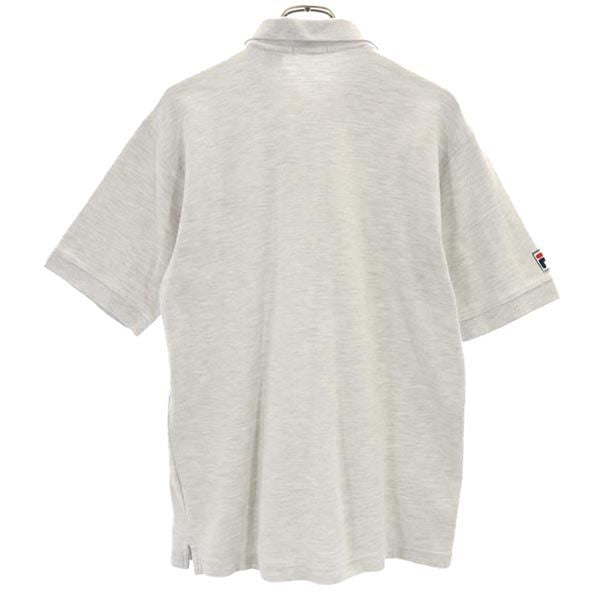 フィラ ロゴ 刺繍 半袖 ポロシャツ L グレー FILA 鹿の子 メンズ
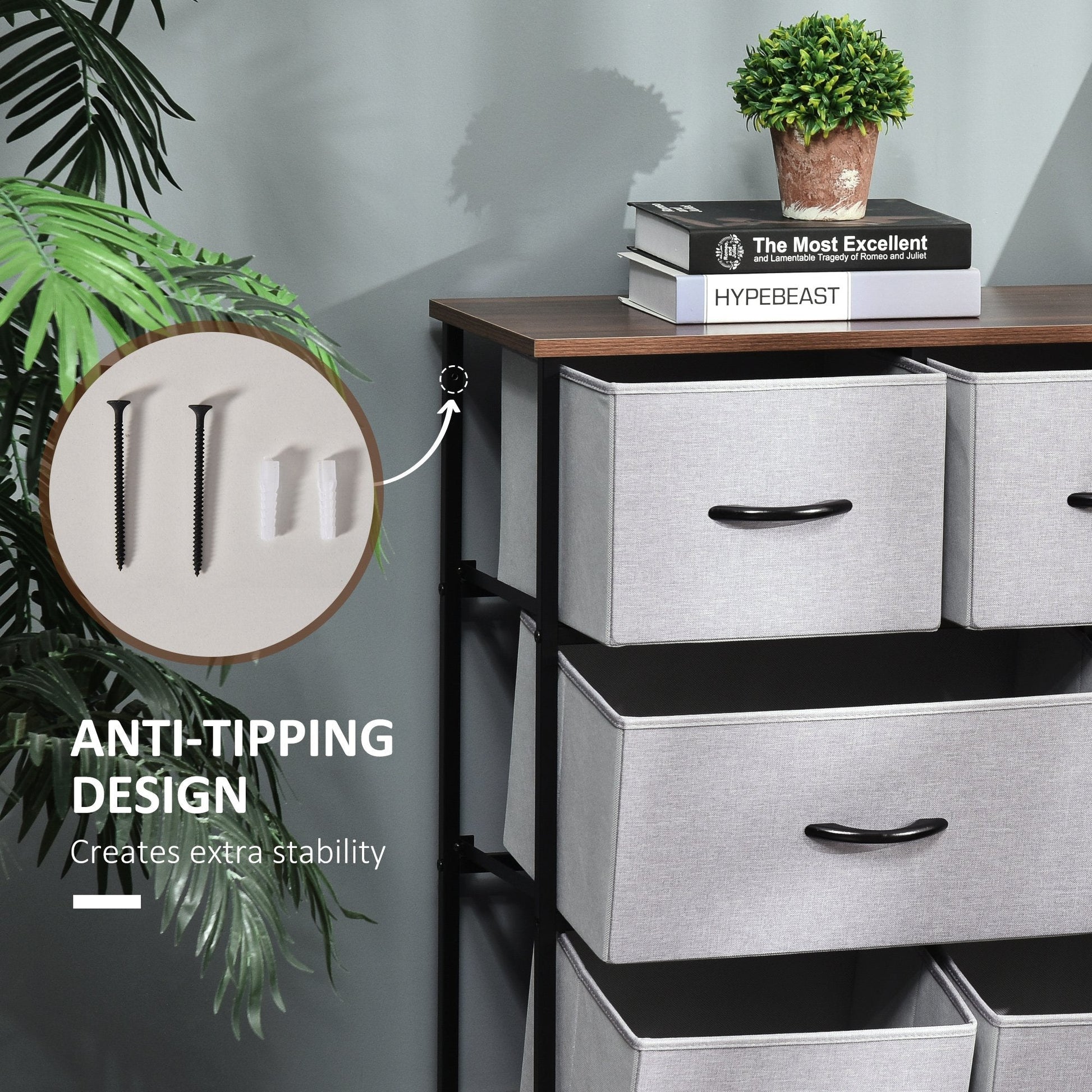 8-Bin Dresser, 3-Tier Fabric Chest of Bins, Storage Tower Organizer Unit with Steel Frame Wooden Top for Living Room, Hallway, Grey Storage Cabinets   at Gallery Canada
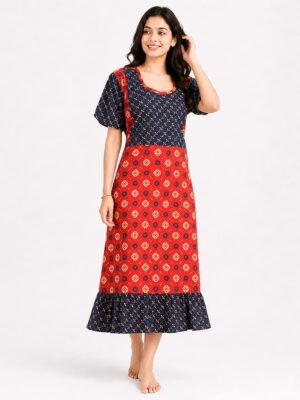 Women's Cotton Feeding Frock Nighty - Red & Navy Blue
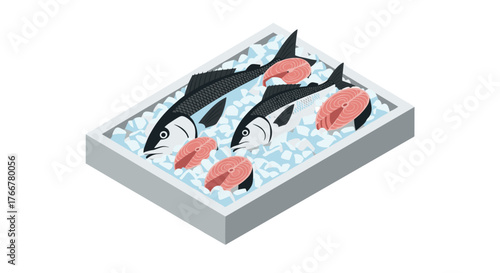 Isometric display of fresh fish with ice in tray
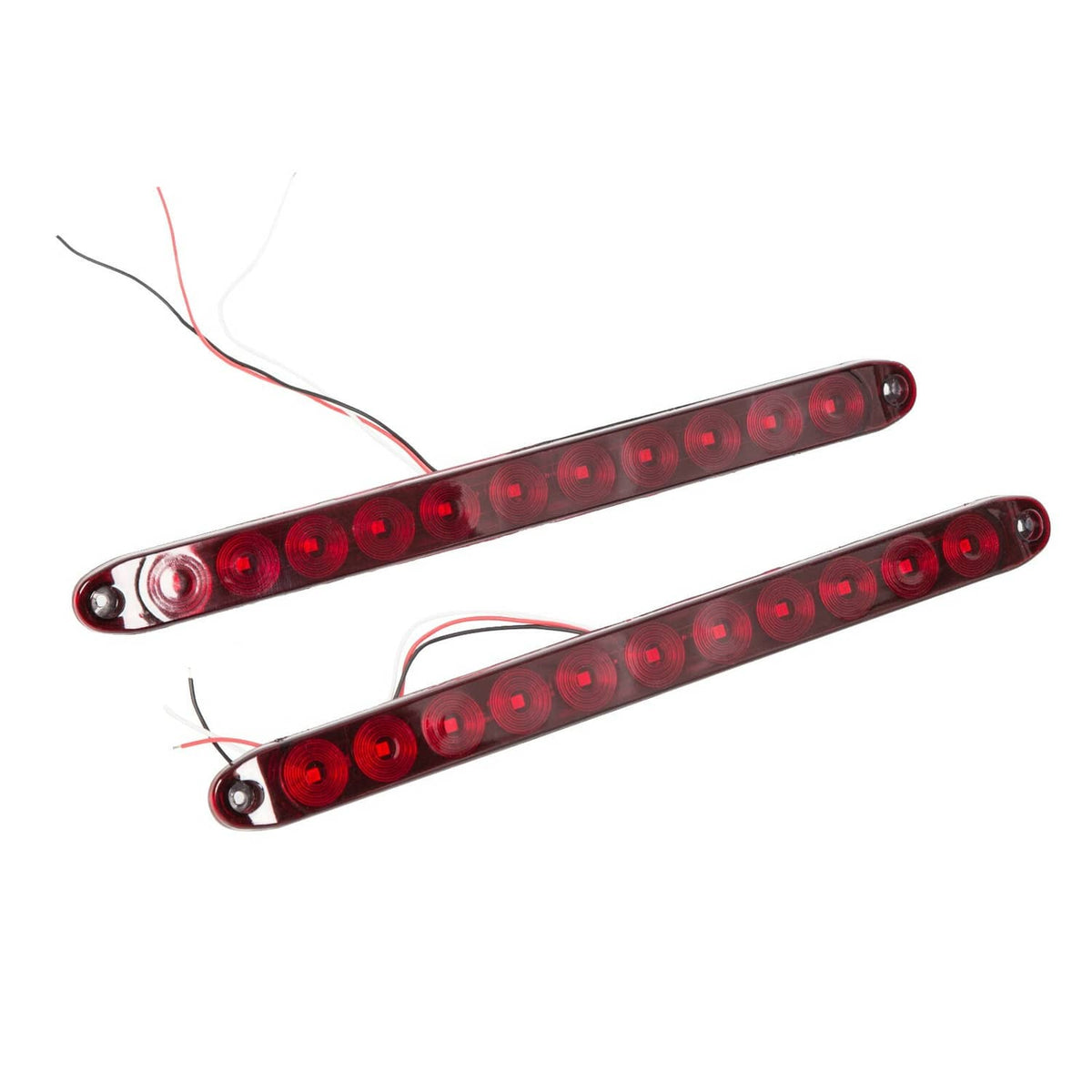 Red LED trailer light bar set with 11 stop/turn/brake LEDs and wiring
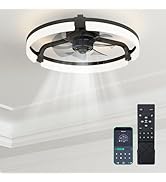 OLIXIS Ceiling Fans with Lights and Remote, 19.7 Inch Ceiling Fan, 3000K-6500K Dimmable LED Low P...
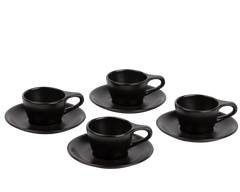 Wilshire Cappuccino Cups and Saucers, Matte Black (4-Pack)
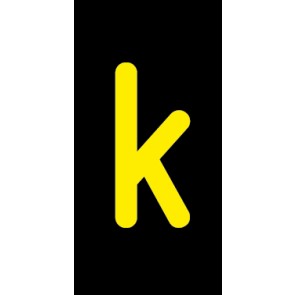 Aufkleber Einzelbuchstabe k | gelb · schwarz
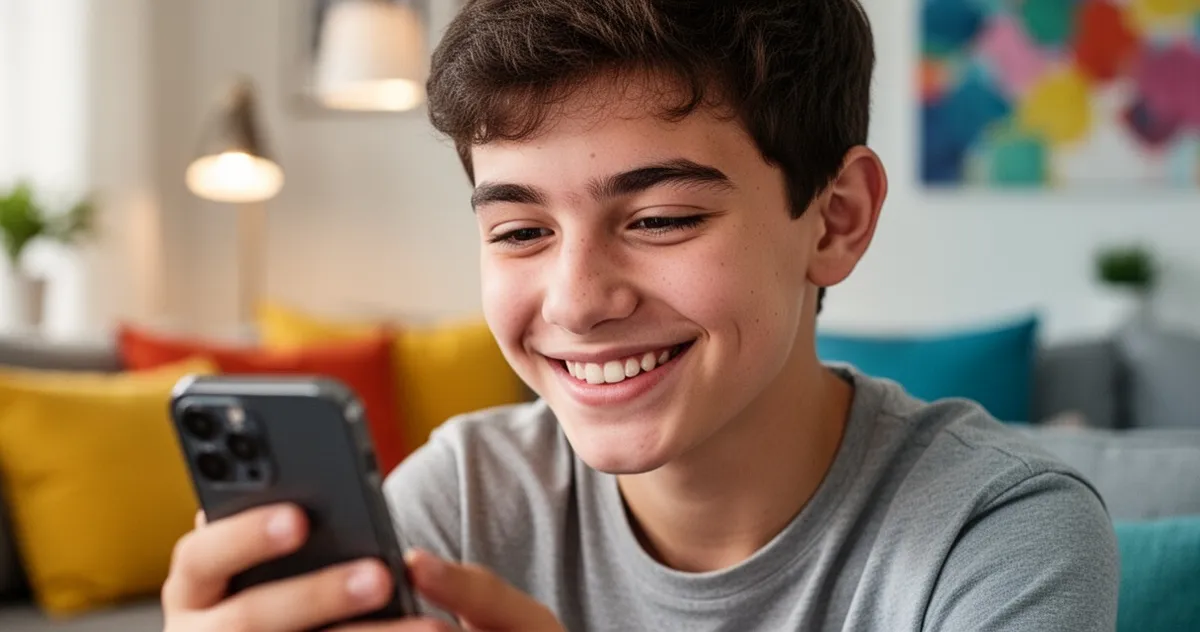 Nastolatek czytający życzenia urodzinowe na telefonie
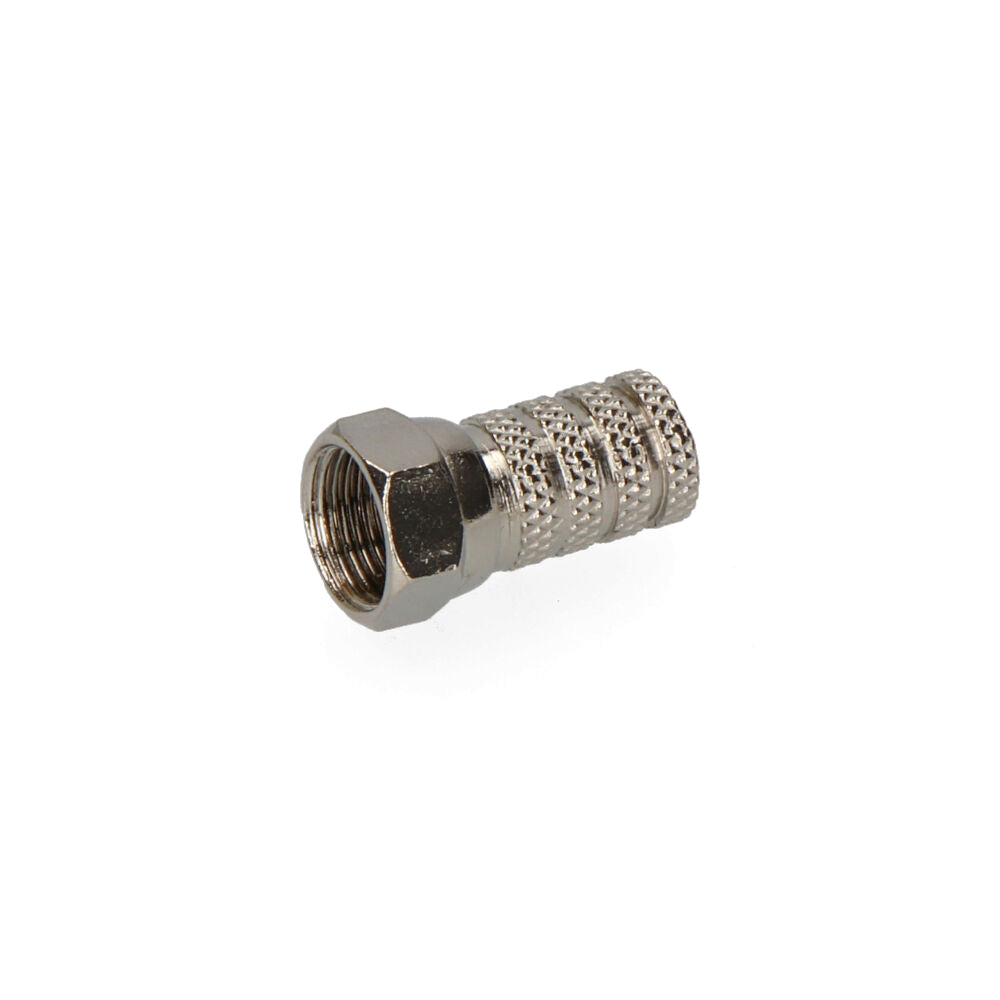 CONECTOR "F" MACHO PARABOLICA METALICO. CALIDAD SUPRA ENVASADO
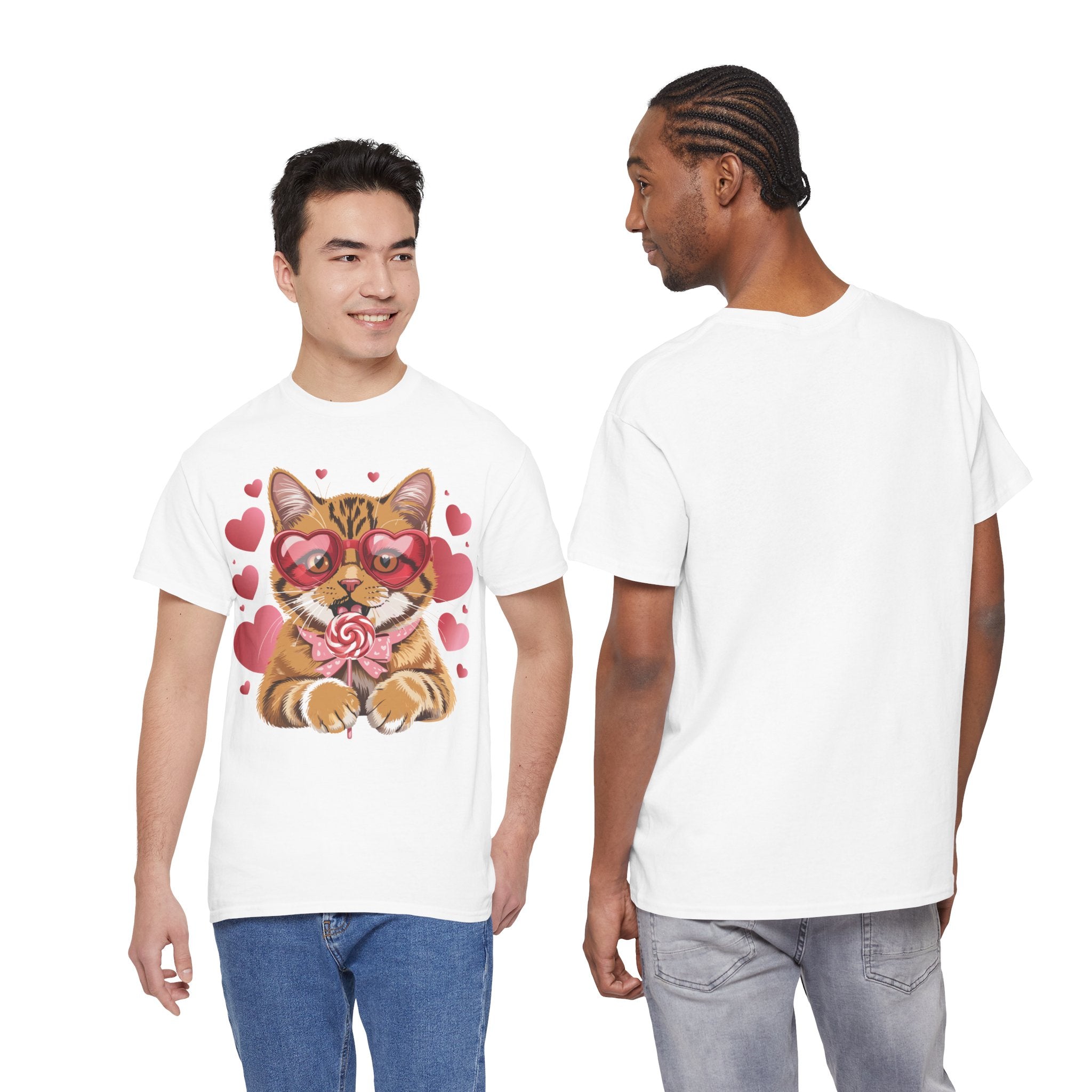Valentine Cat Tee — Heart Glasses, Lollipop Bow Unisex Cotton Tee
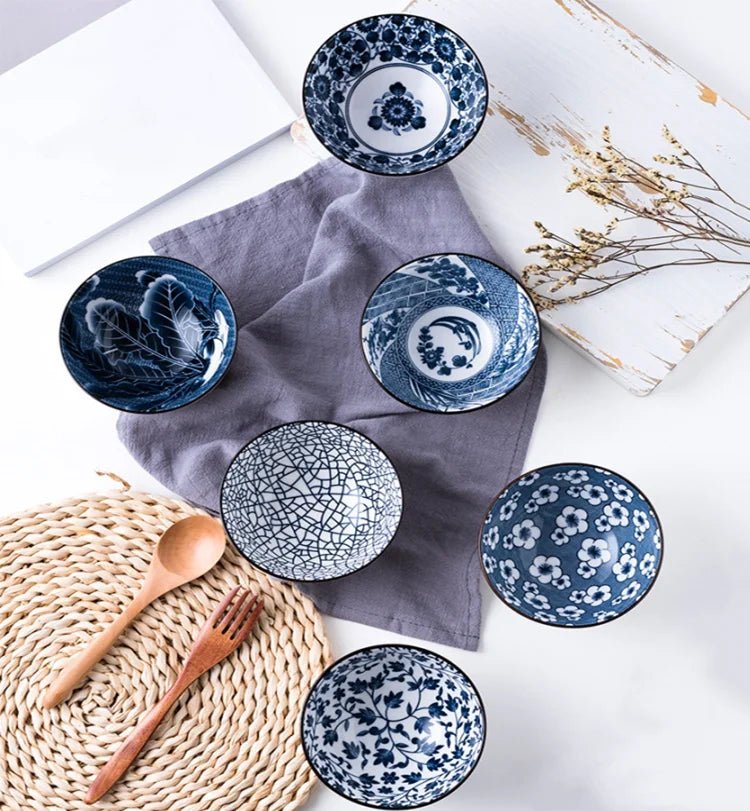 six bowls neatly arranged on a table.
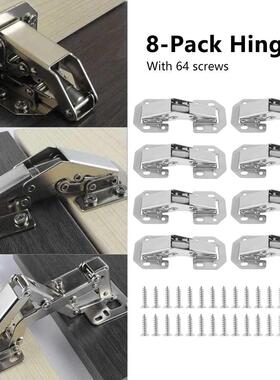 8Pcs Cabinet Hinge 90 Degree Concealed 8 Holes Cupbod Hing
=====
Transcribe every entry word for word, excluding images.

Expected output:
 フィラ ロゴ 刺繍 半袖 ポロシャツ L グレー FILA 鹿の子 メンズ
 8-Bin Dresser, 3-Tier Fabric Chest of Bins, Storage Tower Organizer Unit with Steel Frame Wooden Top for Living Room, Hallway, Grey Storage Cabinets   at Gallery Canada
 Women's Cotton Feeding Frock Nighty - Red & Navy Blue
 Isometric display of fresh fish with ice in tray
 Red LED trailer light bar set with 11 stop/turn/brake LEDs and wiring
 OLIXIS Ceiling Fans with Lights and Remote, 19.7 Inch Ceiling Fan, 3000K-6500K Dimmable LED Low P...
 Wilshire Cappuccino Cups and Saucers, Matte Black (4-Pack)
 Aufkleber Einzelbuchstabe k | gelb · schwarz
 Nastolatek czytający życzenia urodzinowe na telefonie
 CONECTOR "F" MACHO PARABOLICA METALICO. CALIDAD SUPRA ENVASADO
Valentine Cat Tee — Heart Glasses, Lollipop Bow Unisex Cotton Tee
 six bowls neatly arranged on a table.
 8Pcs Cabinet Hinge 90 Degree Concealed 8 Holes Cupbod Hing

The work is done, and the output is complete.